• Task:
Locate the line that contains "Hotel Jannah Resort & Villas Ras Al Khaimah" in the entries below, then repeat it and every following line through the line that contains "Berry Lemonade ICED WET REMIXED SALTS", exactly, and no others.
(Beginning of Information supplied)
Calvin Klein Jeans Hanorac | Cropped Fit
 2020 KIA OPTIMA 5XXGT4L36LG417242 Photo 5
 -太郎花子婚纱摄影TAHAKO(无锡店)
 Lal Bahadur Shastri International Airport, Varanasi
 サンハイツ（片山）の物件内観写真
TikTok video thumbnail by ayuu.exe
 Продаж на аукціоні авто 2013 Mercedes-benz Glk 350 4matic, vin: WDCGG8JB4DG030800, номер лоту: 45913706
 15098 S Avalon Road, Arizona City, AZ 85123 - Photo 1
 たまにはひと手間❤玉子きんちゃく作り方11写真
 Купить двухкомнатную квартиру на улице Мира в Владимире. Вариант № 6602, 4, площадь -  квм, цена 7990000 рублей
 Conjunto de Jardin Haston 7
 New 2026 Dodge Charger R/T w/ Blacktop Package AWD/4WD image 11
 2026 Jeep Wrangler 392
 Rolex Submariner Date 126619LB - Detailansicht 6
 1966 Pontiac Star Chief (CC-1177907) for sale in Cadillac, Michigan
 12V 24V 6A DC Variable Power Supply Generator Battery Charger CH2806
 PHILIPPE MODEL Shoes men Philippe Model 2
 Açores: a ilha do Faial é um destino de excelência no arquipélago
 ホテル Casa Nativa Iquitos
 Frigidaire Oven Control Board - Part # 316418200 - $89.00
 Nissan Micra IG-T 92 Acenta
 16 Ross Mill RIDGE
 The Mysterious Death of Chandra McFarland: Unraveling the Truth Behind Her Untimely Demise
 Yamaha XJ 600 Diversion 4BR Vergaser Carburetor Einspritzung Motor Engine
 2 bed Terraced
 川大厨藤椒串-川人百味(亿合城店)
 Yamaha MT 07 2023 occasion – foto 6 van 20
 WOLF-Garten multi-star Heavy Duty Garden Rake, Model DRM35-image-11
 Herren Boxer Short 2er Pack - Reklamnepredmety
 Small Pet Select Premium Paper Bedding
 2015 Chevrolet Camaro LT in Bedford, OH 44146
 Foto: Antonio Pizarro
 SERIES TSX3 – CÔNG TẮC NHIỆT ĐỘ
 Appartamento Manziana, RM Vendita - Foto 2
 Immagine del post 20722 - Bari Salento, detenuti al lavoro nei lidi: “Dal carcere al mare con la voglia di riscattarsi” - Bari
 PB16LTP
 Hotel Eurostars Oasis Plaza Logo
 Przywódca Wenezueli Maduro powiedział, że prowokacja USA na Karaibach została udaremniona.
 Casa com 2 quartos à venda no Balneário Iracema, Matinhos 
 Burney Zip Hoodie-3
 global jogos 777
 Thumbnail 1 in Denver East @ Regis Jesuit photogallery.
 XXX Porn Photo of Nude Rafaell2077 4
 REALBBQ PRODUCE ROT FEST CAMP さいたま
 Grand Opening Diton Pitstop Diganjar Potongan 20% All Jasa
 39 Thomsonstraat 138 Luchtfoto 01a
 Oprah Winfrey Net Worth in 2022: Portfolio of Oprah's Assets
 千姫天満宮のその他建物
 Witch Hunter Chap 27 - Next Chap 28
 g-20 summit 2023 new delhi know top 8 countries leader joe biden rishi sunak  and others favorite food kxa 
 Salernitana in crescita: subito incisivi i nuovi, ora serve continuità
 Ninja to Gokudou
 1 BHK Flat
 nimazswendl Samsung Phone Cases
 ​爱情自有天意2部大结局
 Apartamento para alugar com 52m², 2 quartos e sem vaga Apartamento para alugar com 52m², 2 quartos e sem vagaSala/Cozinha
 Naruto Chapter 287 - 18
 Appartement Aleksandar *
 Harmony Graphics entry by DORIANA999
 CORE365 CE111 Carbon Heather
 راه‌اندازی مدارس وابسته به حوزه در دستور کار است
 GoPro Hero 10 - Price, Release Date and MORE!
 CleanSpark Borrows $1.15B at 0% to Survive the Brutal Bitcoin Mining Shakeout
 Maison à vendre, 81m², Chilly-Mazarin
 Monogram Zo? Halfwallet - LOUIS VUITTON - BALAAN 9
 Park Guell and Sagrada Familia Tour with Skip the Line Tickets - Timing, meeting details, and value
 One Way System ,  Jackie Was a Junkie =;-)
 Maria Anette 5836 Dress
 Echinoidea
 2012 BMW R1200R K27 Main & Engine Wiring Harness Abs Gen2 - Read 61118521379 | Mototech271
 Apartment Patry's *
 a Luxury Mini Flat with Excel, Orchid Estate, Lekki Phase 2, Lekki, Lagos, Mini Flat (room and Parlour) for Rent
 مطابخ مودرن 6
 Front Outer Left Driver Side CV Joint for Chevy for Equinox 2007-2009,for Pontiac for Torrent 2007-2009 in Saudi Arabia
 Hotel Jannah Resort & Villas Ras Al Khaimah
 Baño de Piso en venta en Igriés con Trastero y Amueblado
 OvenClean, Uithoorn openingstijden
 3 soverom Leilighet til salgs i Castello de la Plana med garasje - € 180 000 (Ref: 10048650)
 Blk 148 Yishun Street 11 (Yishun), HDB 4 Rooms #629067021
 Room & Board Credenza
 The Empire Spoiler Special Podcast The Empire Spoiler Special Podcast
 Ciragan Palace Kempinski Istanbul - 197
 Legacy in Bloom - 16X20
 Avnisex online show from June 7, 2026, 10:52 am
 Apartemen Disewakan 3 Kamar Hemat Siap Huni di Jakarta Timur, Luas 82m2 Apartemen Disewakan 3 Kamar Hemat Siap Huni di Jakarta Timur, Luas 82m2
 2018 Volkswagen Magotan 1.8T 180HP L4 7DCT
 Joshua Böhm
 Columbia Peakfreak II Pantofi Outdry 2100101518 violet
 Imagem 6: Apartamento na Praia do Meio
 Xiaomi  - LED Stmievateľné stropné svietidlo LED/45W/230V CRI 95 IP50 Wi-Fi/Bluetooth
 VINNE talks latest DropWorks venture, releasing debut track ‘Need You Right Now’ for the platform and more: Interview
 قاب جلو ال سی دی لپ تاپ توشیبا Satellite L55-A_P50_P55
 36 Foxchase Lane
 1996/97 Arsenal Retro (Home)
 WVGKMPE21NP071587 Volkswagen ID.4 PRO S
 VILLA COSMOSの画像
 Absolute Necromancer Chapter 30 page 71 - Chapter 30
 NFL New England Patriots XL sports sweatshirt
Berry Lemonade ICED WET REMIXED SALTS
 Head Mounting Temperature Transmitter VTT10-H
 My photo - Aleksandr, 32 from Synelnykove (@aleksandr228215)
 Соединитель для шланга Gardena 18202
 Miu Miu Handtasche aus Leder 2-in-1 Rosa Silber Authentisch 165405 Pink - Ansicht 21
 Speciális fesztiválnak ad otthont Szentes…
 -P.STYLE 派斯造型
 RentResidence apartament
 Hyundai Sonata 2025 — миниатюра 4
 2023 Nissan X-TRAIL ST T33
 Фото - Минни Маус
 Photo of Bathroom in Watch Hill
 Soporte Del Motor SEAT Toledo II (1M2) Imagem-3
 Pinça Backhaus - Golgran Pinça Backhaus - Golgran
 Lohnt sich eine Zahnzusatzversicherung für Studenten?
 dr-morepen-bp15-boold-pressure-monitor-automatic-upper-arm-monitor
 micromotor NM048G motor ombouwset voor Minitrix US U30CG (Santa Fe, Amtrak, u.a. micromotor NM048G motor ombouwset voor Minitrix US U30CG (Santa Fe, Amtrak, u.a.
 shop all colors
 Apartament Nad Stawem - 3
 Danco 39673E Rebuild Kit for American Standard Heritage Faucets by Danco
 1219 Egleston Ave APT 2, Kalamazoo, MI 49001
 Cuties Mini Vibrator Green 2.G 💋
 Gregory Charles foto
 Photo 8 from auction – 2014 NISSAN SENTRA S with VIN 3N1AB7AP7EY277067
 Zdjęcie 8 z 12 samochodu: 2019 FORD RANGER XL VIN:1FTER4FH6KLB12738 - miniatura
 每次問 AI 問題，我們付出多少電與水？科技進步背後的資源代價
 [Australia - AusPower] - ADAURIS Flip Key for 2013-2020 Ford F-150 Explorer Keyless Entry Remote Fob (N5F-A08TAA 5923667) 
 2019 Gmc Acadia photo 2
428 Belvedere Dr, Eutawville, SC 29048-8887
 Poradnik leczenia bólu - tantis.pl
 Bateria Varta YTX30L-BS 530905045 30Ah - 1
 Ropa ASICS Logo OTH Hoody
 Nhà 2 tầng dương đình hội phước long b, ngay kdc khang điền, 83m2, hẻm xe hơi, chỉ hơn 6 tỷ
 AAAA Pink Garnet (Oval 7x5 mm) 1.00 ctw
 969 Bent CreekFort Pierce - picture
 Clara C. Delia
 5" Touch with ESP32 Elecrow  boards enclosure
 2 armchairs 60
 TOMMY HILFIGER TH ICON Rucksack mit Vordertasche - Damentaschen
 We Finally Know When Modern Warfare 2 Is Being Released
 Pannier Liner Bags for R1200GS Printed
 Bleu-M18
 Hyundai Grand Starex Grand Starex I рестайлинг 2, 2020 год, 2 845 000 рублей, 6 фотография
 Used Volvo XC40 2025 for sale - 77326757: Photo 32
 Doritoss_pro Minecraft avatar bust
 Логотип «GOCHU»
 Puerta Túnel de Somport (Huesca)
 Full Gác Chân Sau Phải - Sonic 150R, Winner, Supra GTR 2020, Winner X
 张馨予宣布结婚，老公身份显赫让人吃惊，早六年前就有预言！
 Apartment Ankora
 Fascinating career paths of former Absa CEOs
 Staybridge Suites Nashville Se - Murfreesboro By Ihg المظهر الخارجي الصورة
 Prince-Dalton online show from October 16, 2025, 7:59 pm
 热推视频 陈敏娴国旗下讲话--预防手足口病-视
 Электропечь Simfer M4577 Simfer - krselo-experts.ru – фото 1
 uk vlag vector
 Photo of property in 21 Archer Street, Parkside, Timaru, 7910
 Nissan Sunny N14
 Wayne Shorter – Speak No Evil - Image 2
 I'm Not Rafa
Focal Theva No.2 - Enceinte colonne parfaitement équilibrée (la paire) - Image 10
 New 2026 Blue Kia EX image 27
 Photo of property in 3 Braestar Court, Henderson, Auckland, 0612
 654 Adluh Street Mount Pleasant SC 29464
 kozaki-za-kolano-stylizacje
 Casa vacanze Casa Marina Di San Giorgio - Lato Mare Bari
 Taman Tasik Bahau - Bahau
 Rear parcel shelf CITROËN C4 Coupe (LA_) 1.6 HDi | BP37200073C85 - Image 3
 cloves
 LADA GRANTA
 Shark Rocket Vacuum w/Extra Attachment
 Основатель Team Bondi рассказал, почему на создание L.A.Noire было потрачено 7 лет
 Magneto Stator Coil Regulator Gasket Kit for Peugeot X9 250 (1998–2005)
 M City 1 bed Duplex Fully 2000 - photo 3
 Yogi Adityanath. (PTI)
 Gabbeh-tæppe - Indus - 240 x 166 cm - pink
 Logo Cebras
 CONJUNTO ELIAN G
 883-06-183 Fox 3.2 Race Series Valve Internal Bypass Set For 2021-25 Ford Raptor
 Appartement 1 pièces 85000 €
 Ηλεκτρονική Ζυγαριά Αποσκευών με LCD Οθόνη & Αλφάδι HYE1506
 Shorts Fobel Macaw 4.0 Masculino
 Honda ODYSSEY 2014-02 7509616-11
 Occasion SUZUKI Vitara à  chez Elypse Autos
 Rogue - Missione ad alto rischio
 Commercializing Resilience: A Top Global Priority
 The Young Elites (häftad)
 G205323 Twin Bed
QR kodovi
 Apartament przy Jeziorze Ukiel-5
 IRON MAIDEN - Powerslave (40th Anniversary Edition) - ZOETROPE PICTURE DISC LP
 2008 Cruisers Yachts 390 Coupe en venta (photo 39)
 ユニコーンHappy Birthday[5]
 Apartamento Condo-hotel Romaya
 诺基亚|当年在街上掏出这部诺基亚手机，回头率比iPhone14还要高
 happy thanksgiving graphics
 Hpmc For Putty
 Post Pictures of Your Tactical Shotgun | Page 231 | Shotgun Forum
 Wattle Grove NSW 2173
(End of Information supplied)
• Response:
 Hotel Jannah Resort & Villas Ras Al Khaimah
 Baño de Piso en venta en Igriés con Trastero y Amueblado
 OvenClean, Uithoorn openingstijden
 3 soverom Leilighet til salgs i Castello de la Plana med garasje - € 180 000 (Ref: 10048650)
 Blk 148 Yishun Street 11 (Yishun), HDB 4 Rooms #629067021
 Room & Board Credenza
 The Empire Spoiler Special Podcast The Empire Spoiler Special Podcast
 Ciragan Palace Kempinski Istanbul - 197
 Legacy in Bloom - 16X20
 Avnisex online show from June 7, 2026, 10:52 am
 Apartemen Disewakan 3 Kamar Hemat Siap Huni di Jakarta Timur, Luas 82m2 Apartemen Disewakan 3 Kamar Hemat Siap Huni di Jakarta Timur, Luas 82m2
 2018 Volkswagen Magotan 1.8T 180HP L4 7DCT
 Joshua Böhm
 Columbia Peakfreak II Pantofi Outdry 2100101518 violet
 Imagem 6: Apartamento na Praia do Meio
 Xiaomi  - LED Stmievateľné stropné svietidlo LED/45W/230V CRI 95 IP50 Wi-Fi/Bluetooth
 VINNE talks latest DropWorks venture, releasing debut track ‘Need You Right Now’ for the platform and more: Interview
 قاب جلو ال سی دی لپ تاپ توشیبا Satellite L55-A_P50_P55
 36 Foxchase Lane
 1996/97 Arsenal Retro (Home)
 WVGKMPE21NP071587 Volkswagen ID.4 PRO S
 VILLA COSMOSの画像
 Absolute Necromancer Chapter 30 page 71 - Chapter 30
 NFL New England Patriots XL sports sweatshirt
Berry Lemonade ICED WET REMIXED SALTS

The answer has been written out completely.